■ Directions for this task ■
For the entries that follow, retype exactly the lines from the one containing "Cancelli, O, settembre" to the one containing "Used 2022 Lincoln", inclusive, and only those. Images stay out of the copy.

■ Records for the exercise ■
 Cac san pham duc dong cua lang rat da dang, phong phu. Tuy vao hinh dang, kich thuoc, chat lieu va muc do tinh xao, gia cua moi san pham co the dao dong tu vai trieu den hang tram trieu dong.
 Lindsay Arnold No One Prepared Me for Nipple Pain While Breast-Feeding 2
--
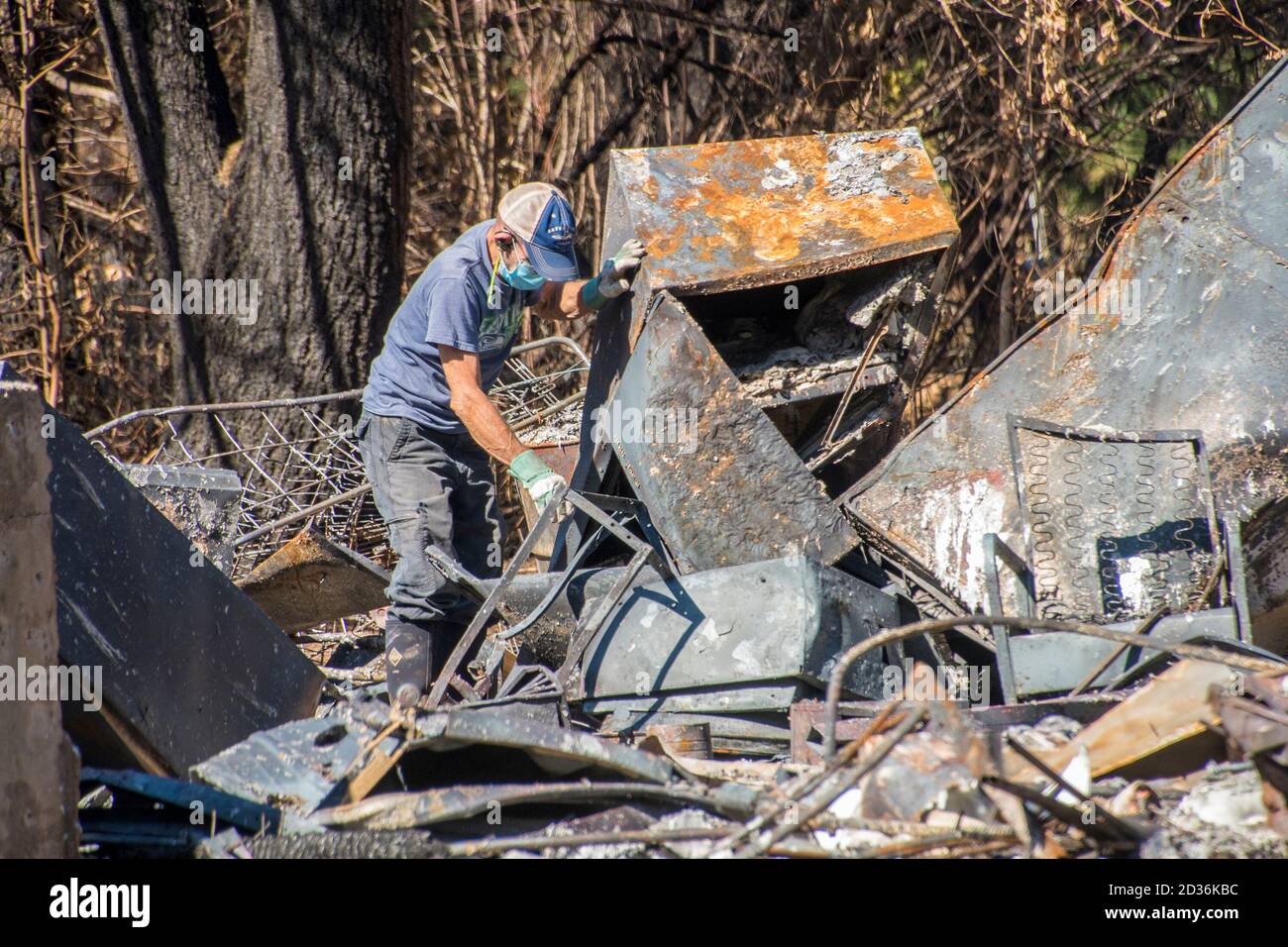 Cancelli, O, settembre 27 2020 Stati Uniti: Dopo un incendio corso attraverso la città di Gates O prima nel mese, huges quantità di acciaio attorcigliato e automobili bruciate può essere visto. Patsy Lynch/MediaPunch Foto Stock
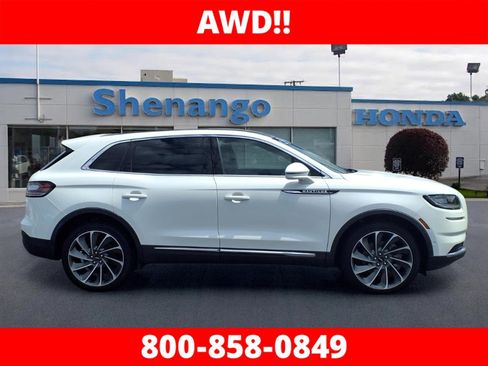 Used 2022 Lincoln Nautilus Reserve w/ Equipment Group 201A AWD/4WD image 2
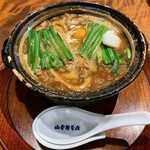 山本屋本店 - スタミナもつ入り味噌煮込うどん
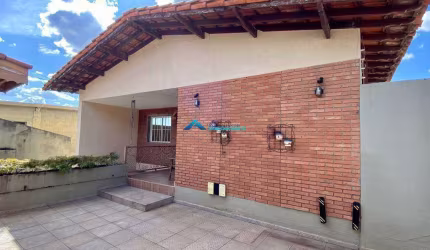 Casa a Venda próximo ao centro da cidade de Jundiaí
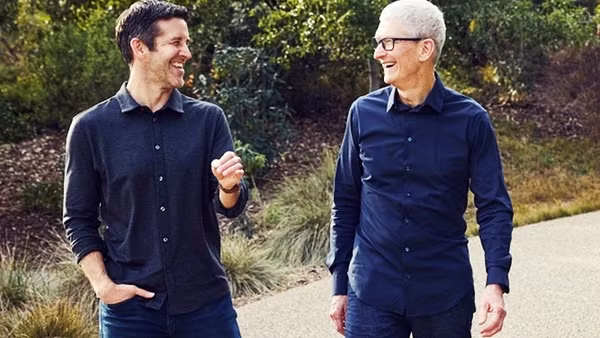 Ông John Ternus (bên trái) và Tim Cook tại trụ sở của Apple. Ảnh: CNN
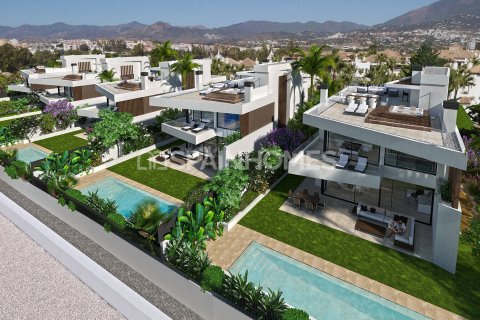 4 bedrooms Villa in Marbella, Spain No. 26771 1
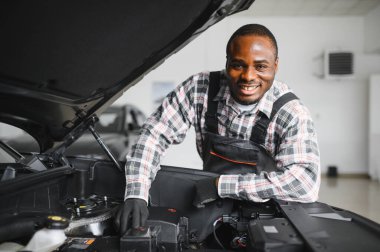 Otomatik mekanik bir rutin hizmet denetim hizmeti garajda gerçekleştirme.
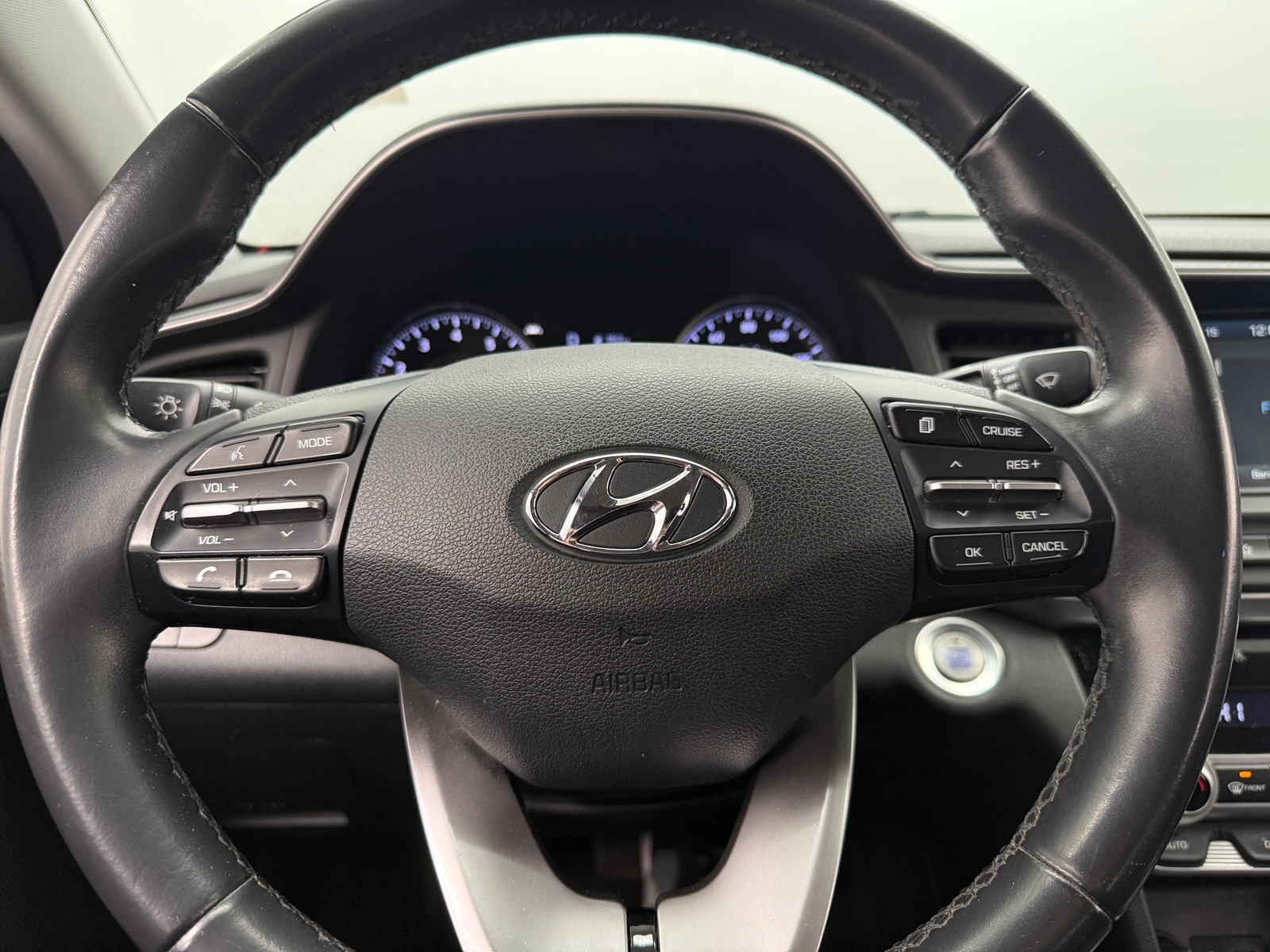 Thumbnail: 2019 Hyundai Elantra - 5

■ Reply to the task ■
 Cancelli, O, settembre 27 2020 Stati Uniti: Dopo un incendio corso attraverso la città di Gates O prima nel mese, huges quantità di acciaio attorcigliato e automobili bruciate può essere visto. Patsy Lynch/MediaPunch Foto Stock
 Used 2022 Lincoln Nautilus Reserve w/ Equipment Group 201A AWD/4WD image 2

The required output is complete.